(YOUR OBJECTIVE)
Repeat every entry exactly as given.

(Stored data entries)
━━━━

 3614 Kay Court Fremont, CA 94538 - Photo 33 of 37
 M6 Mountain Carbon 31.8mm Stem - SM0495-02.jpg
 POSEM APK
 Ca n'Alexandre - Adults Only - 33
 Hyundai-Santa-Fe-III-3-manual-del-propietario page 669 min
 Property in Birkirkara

━━━━

(EXERCISE ANSWER)
 3614 Kay Court Fremont, CA 94538 - Photo 33 of 37
 M6 Mountain Carbon 31.8mm Stem - SM0495-02.jpg
 POSEM APK
 Ca n'Alexandre - Adults Only - 33
 Hyundai-Santa-Fe-III-3-manual-del-propietario page 669 min
 Property in Birkirkara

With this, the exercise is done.